It was Emergency Budget Day this week and as usual comments like those above (click on the image to enlarge it) were plentiful. Nothing special there I hear you say.Rants on the day the chancellor takes to the despatch box are ten-a-penny. But what's difference about these comments are that they appear on the Number 10 website.
Downing Street today ran a live blog as George Osborne delivered his speech in the House of Commons. Call me cynical but I expected it be the usual standard governmental exercise which simply paid lip service to online engagement. I didn't watch it live as I was involved
in my own live blog but when that finished I decided to replay the government's efforts.I was shocked to discover that negative comments such as those above had been approved and published.
It's very early days for our new coalition government but there does seem to be a real drive towards embracing social media as a way of engaging with the public. The
Programme for Government document agreed between David Cameron and Nick Clegg, for instance, was open to public comment and over 9,500 opinions were posted and like the previous administration Downing Street is active in its use of
Twitter,
Flickr and
YouTube. I met some of the digitally experienced civil servants who were working with the previous government and trying to get politicians to embrace social media. I really hope those civil servants are still there.

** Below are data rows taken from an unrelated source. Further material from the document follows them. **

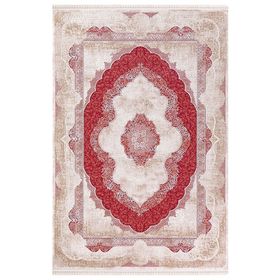 Padişah 31882-010 Santo 180x250 cm Salon Halı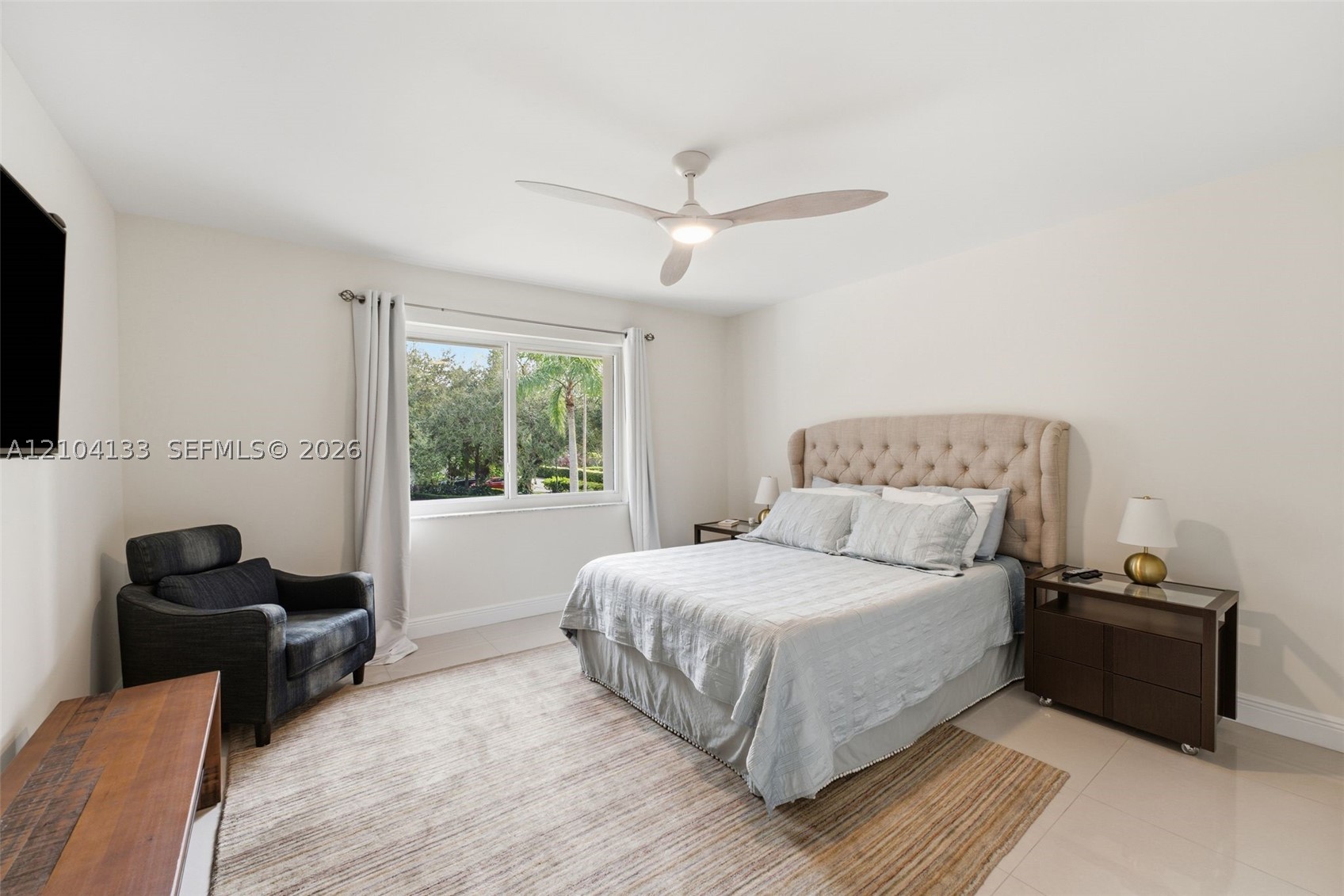 9361 SW 103rd St Miami, FL 33176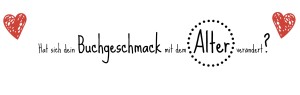 buchgeschmack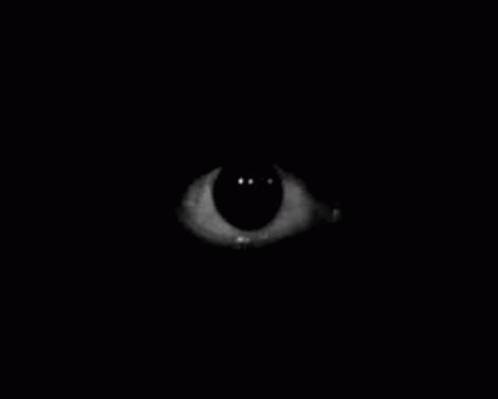 Black Eye GIF - Black Eye - Discover & Share GIFs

Don't get me wrong; I'm not saying the government is brilliant at social media. There's a lot more to do. Politicians and civil servants, for instance, need to start actually replying to users' comments on social networks as responses are severely lacking. But they do appear to be getting there. If today's publication of negative comments on a live blog on the Downing Street website is anything to go by, we could eventually see the online engagement that us internet geeks crave from the powers-that-be.